A World Trade Organization panel has agreed with Brazil’s claim that the United States is not moving fast enough to comply with a 2005 ruling against the U.S. cotton program, according to press reports.
The WTO dispute panel’s final ruling in the case was issued confidentially in Geneva Monday (Oct. 15). The Brazilian government released a statement in Portuguese expressing its satisfaction with the ruling, and the office of the U.S. Trade Representative later confirmed it.
National Cotton Council officials said they were disappointed that press reports of the findings appeared to bear out the interim conclusions of the panel released by the WTO last summer.
“We reiterate our concerns expressed when reports regarding the interim report surfaced,” the NCC said is a statement. “If the panel ruled for Brazil on its serious prejudice claims, we believe that it would be contrary to the facts in the world cotton market both then and now.”
The Council said U.S. actions taken to comply with the first WTO panel ruling in 2005 have had a significant impact on U.S. cotton producers with U.S. cotton acreage declining 29 percent in 2007. U.S. exports also have declined significantly since the 2005-06 marketing year.
“It is incomprehensible that a WTO panel could make a finding of serious prejudice against the United States when the international cotton market is strong,” it said. “World prices are up, and production outside of the United States is estimated to be a record high of 102 million bales.

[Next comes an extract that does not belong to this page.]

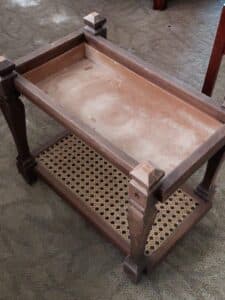 Vintage-Oak-and-Cane-Two-Tier-Side-Table-fourth-image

In the face of these facts, the U.S. cotton industry is left to puzzle the basis of such a decision.”
The ruling was the latest in a series of what have amounted to public “whippings” for the U.S. cotton industry. The propaganda surrounding the WTO ruling and complaints by other countries seemed designed to drive U.S. farmers out of the cotton business.

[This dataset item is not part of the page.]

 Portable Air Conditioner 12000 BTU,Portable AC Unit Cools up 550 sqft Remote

U.S. officials have said they believed eliminating the Step 2 competitiveness payments, most of which went to U.S. merchants to reduce the cost of U.S. cotton in world markets, satisfied the original WTO panel ruling.
But Brazil and the C-4 countries of Benin, Burkina Faso, Chad and Mali have continued to denounce the U.S. cotton program as the chief cause of poverty in those West African countries.

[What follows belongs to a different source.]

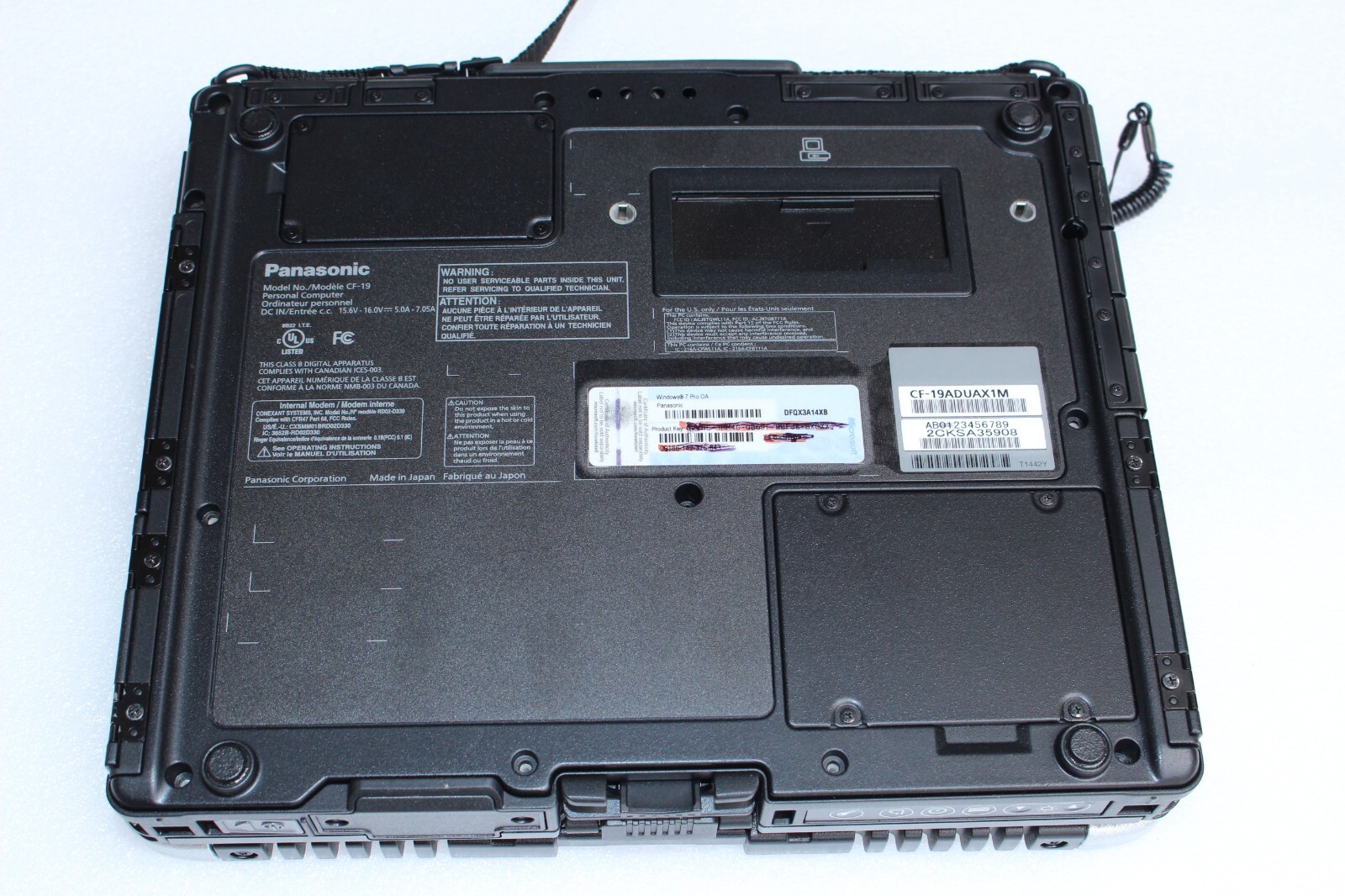 Panasonic Toughbook CF-19 MK-5 Core i5-2520M 16GB/ 512GB SSD/ Win10 PRO64/0-HR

The office of the U.S. Trade Representative said it would not discuss details of the panel’s ruling to respect the WTO confidentiality rules. However, in response to press reports, it said it could confirm the panel found the changes made by the United States were insufficient to bring the challenged measures into conformity with its obligations.
“We are very disappointed with these results,” the office said in a statement. “We continue to believe that payments and export credit guarantees under our programs are now fully consistent with our WTO obligations.
As expected, the British-based charity, Oxfam International, released a statement saying the ruling demonstrates the U.S. government must do more to reduce U.S. cotton subsidies in the 2007 farm bill and in the Doha Round agreement that continues to be debated at the WTO in Geneva.
Oxfam officials claimed the U.S. House reinstated some cotton subsidies in the farm bill it passed last July.
“Indeed, the cotton lobby, representing about 20,000 mostly large producers, has continued to fare well at the expense of the American taxpayer and family farmers both here and in Africa,” said Raymond C. Offenheiser, president of Oxfam America.